Cuddalore, 12 July 2007: SPIC Pharmaceuticals released large quantities of effluents into an open drainage canal in Eachangadu village from the night of 10 July to the evening of 11 July 2007. According to local residents, the effluent was blackish yellow in colour, had a rotten cabbage and human excreta odour. SIPCOT Area Community Environmental Monitors ranked the odour at 9 (on a scale of 1 to 10). The local school remained closed today as many villagers complained of giddiness and discomfort.

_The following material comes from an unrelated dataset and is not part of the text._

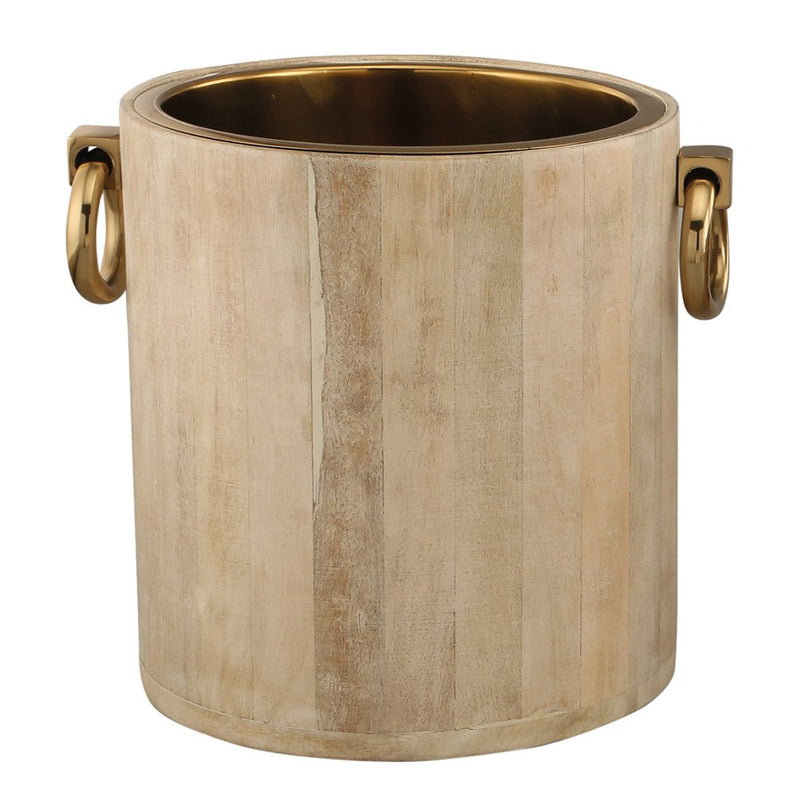 Aulica Champagnerkühler Holz & Gold – luxuriöser Flaschenkühler 30 cm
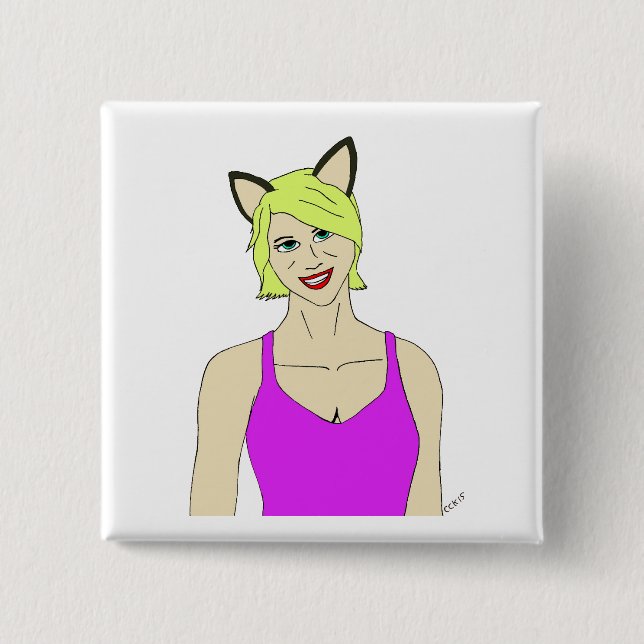 catgirl 15 cm square badge (Front)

Residents said that the effluents were first released from behind the unit and was later diverted to the canal of the village. Outlets in the SPIC boundary wall facing the village channelised the effluents into the canal. One resident also reported death of four chicken and one goat after they consumed polluted water from the canal.
Acting on oral and written complaints, Tamilnadu Pollution Control Board officials directed the company to collect the effluents in a tanker and store it within its factory premises. However, effluents continued to flow in the open canal for at least a day after TNPCB’s instructions.
“The TNPCB is a paper tiger. Nobody pays any attention to it. SPIC is far more powerful, politically, than any TNPCB official,” SACEM said. Only recently, TNPCB gave up efforts to discipline the company for illegally storing toxic wastes behind its factory, after the High Court issued an injunction on the Board’s order for closure.
SIPCOT monitors have identified SPIC as a repeat violator.